Tuesday, November 13, 2012

Have Mercy on Us All by Fred Vargas

Joss's settled view was that folks walk 
faster in Paris than they do in  Le Guilvenec, 
the fishing village where he'd grown up.
Opening to
Have Mercy On Us All
by Fred Vargas
Translated from the French by
David Bellos
Normally, I do not go in for detective stories with quirky characters.  I like the body to be discovered on the first page, preferably in the opening sentence.  The rest of the book should focus on either the detectives or the killers.  While witnesses serve a purpose, I've no interest in their day-to-day lives.  I don't care how interesting or colorful the locals are, just get on with solving the crime, please.

So why then did I enjoy Fred Vargas's novel, Have Mercy On Us All so muc?  The first murder doesn't happen until over sixty pages into the book; we don't even meet the detective, Chief Inspector Adamsberg, until some 30 pages have passed.  And quirky characters abound.

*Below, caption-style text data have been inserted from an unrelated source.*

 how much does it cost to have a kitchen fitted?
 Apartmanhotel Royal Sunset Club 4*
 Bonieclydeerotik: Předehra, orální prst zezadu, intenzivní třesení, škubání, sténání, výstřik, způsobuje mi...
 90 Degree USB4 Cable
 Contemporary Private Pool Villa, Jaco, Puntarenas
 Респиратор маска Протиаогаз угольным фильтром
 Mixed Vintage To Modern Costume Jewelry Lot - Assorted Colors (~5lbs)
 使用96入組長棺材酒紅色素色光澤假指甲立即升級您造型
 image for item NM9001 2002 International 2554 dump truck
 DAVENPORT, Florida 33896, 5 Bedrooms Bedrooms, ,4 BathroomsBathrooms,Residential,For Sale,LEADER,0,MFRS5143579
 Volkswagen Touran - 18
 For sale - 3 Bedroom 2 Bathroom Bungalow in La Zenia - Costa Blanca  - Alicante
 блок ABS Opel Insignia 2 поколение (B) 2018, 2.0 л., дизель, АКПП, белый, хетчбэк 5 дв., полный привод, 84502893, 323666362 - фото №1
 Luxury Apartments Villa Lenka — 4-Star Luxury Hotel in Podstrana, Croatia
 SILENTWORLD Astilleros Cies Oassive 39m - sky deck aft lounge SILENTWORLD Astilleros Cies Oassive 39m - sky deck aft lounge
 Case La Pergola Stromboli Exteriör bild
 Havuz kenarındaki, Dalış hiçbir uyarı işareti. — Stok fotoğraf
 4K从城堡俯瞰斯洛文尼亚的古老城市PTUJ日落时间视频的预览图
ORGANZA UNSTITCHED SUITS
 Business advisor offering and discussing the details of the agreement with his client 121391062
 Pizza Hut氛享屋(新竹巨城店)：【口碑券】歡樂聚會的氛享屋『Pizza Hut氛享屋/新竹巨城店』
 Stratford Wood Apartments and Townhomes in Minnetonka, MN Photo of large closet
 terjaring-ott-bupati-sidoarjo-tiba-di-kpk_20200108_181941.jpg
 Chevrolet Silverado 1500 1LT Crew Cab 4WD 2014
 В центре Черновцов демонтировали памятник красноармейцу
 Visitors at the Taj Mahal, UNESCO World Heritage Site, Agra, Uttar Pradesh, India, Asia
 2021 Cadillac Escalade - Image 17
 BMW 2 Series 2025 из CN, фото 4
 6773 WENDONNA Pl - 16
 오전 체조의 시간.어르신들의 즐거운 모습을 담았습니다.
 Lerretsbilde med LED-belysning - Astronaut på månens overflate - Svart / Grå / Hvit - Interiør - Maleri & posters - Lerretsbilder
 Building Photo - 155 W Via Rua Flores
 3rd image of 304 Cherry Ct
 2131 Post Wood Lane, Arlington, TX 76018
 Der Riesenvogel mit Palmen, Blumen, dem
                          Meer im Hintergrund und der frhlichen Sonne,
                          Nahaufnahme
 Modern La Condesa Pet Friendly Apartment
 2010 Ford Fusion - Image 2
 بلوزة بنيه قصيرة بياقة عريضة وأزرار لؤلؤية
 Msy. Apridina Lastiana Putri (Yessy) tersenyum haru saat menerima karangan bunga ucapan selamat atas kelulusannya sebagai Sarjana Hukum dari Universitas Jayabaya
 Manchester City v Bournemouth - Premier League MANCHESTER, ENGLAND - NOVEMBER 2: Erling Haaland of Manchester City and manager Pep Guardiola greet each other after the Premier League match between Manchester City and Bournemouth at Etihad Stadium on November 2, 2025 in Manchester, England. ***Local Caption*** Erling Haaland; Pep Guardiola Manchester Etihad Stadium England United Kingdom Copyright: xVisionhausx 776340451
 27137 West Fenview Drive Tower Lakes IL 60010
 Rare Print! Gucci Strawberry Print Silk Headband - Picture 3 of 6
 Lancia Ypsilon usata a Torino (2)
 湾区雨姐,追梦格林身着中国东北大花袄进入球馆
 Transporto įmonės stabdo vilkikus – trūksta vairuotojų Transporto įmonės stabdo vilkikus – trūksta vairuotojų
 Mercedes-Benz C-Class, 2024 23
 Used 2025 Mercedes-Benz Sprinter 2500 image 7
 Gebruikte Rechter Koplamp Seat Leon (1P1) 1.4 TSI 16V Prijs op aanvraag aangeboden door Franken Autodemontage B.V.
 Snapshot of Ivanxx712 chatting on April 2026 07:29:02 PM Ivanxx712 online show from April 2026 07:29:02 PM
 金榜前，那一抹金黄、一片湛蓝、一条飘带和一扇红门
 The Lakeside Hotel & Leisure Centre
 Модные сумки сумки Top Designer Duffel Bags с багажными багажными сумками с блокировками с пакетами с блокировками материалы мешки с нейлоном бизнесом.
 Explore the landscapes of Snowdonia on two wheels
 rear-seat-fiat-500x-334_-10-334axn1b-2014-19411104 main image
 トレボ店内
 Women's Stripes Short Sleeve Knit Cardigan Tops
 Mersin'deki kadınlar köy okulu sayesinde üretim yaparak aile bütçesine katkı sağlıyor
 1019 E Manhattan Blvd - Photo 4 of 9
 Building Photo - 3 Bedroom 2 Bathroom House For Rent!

Take Joss Le Guern, self-appointed town-crier, for example.  Joss has returned to the Paris neighborhood of Montparnasse after years at sea.  Out of work, down on his luck, Joss decides to take up the old family line and declares himself town crier.  When he puts up a collection box in a local park near a popular neighborhood cafe, people are soon inserting sealed envelopes with both messages and coins for his thrice-daily performances.  Joss announces lost pets, lost loves, missed connections, items for sale, items sought, etc. and ends each presentation with a description from an historical record of ships lost at see, the death totals making up his closing remarks.  Soon, he's making a decent living from this along with the neighborhood cafe where young men begin to gather each afternoon betting on whether or not that day's ship-wreck will end with "all lost" or not.  

How's that for quirky.

The detective story begins when someone begins paying Joss to read out strange passages from old texts about plague outbreaks, each warning of the plague's imminent arrival.  When someone begins marking front doors with a symbol once believed to ward off the Black Death, a local hotelier calls on old police acquaintance, Chief Inspector Adamsberg, who begins to investigate even before the first body is found, strangled but marked with charcoal, his skin made to look black as though he died from the plague.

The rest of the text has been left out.